Embattled Greek PM revamps cabinet for post-bailout push
Greek Prime Minister Alexis Tsipras on Tuesday reshuffled his cabinet ahead of a keynote economy speech next month, seeking to rebound from poor ratings in the final stretch before 2019 elections.
Finance Minister Euclid Tsakalotos remains at his post, as does Defence Minister Panos Kammenos, leader of the nationalist Independent Greeks, the junior party in Tsipras' government coalition.
The reshuffle also left unchanged the key ministries of labour, migration, tourism and foreign affairs ahead of a name deal currently being negotiated with neighbouring Macedonia.
To fill junior ministry posts, Tsipras brought in a number of younger cadres from his leftist Syriza party into the government. Thirteen out of more than 50 government members are women.

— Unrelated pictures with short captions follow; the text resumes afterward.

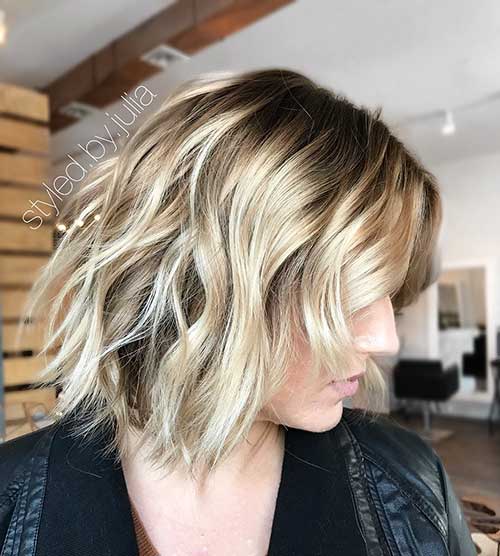 New Short Blonde Hair - 20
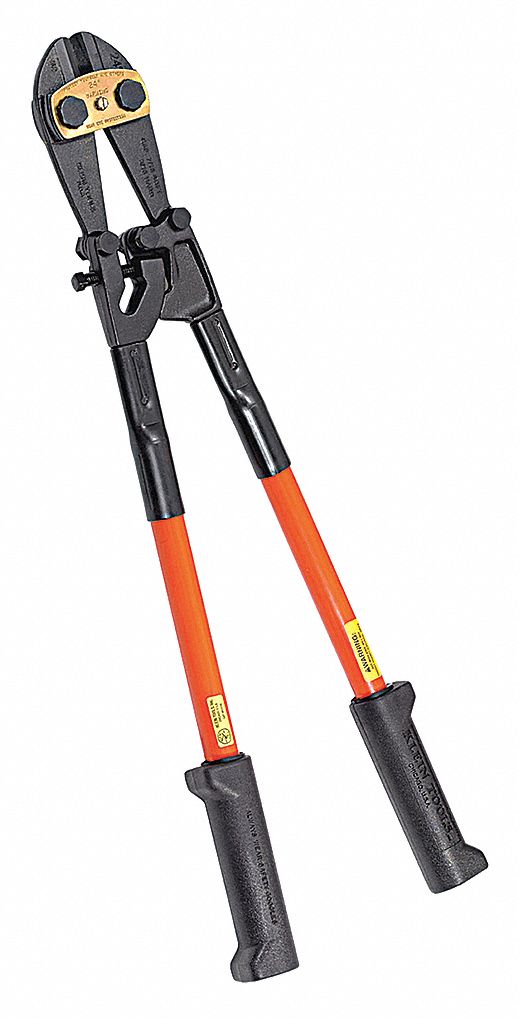 BOLT CUTTER STEEL HANDLES 36IN LONG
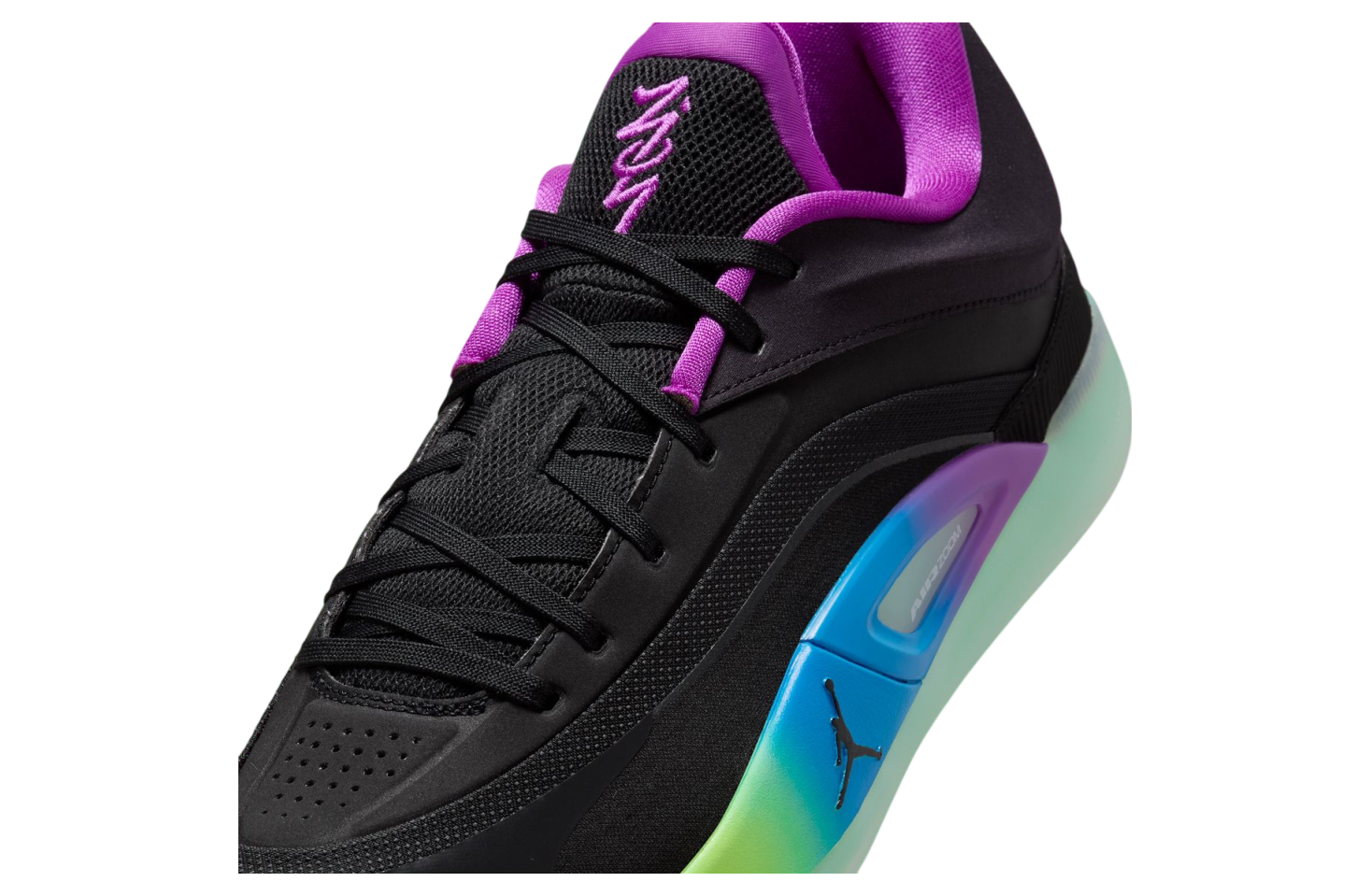 Jordan Zion 4 Black / Multicolor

Among notable changes is the appointment of former government spokeswoman Olga Gerovassili as the country's first female police minister. Her deputy is also a woman, former conservative Katerina Papacosta, in another first for the country.
The previous police minister Nikos Toskas resigned in the aftermath of last month's wildfires near Athens that left nearly 100 people dead.
Tsipras also sacked his justice minister Tuesday amid a furore over the conditional release from prison of a young businessman convicted of fraud, claiming disability.
The justice ministry also came under fire recently over furlough granted to a far-left hitman serving a life sentence for multiple murders.
The reshuffle saw former political rivals brought into the government to broaden its political appeal.
In addition to conservative Papacosta, former socialist health minister and European deputy Mariliza Xenogiannakopoulou signed up as administrative reform minister.
Another former socialist European deputy, Myrsini Zorba, takes over the culture ministry.
The embattled 44-year-old premier is seeking to rebound from poor ratings exacerbated by the fire tragedy.
Tsipras' Syriza party trails the conservative New Democracy party by over 10 points.
Elections are still over a year away, but there is speculation Tsipras could call them in early 2019.
Last week, Tsipras hailed the end of his country's eight-year "Odyssey" of painful debt bailouts and said the country had "won back the right to determine its own fortunes and future".
He has now pledged to raise the minimum wage and is expected to announce a batch of low-income benefits at the annual Thessaloniki trade fair next month.
"We need to rally. We need unity but also renewal," Tsipras told his leftist Syriza party this week.
"Our country, the government and the party need new blood and more hunger for work," he said.